Many of the purchases were made by shoppers in China, the US, and Japan. The appetite for high-end spending across these nations, especially China, has picked up compared to earlier in the pandemic. On a call with investors and analysts to discuss the results, Jean Jacques Guiony, LVMH’s CFO, also noted that sales of Louis Vuitton items to American shoppers were up in a “very strong, double-digit way.”
In Europe, the picture was more complicated. Luxury shops in the region depend on tourists for a sizable share of their sales. But tourism, and the spending that comes with it, is practically nonexistent right now. Though local shoppers are buying more, it hasn’t been enough to make up for the loss of tourists. Meanwhile, shoppers who would normally have picked up their new Dior bag at a boutique in Paris have been opting to make their purchase at home in, say, New York or Shanghai—sometimes literally: Online purchases of luxury have grown just like online sales of everything else.
Guiony said it wasn’t entirely clear why locked-down shoppers are still scooping up luxury goods. He said it’s difficult to isolate specific causes and LVMH would only have a better sense given more time. From the company’s perspective, Louis Vuitton and Dior had a strong array of new products designed before the pandemic arriving in stores and they had adjusted their marketing given the circumstances, targeting geographies such as Asia. Customers responded.
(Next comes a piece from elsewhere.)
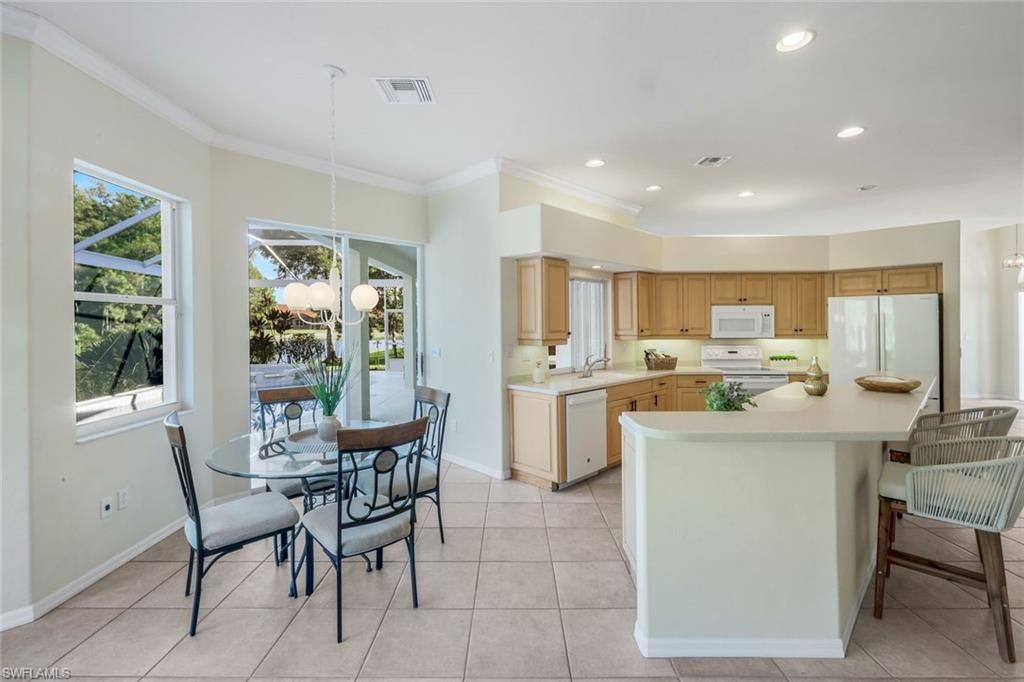 Dining room, Interior, Kitchen, Pendant Lights, Recessed Lighting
Early signs of recovery in China are evident in the rebounding traffic in high-end malls in major cities, said Fflur Roberts, head of global luxury goods at Euromonitor International, a market research provider, in an email. Shoppers are also buying “for investment purposes,” she said, “with many consumers scrambling to buy luxury goods that can hold their value best during this time of uncertainty.”
After the great recession of 2007 to 2009, companies such as LVMH and Hermès flourished amid what one analyst later described as “flight to quality.” Right now, the wealthy in countries such as the US are bouncing back financially from the pandemic faster than others. For luxury sellers, that means more potential customers ready to spend again.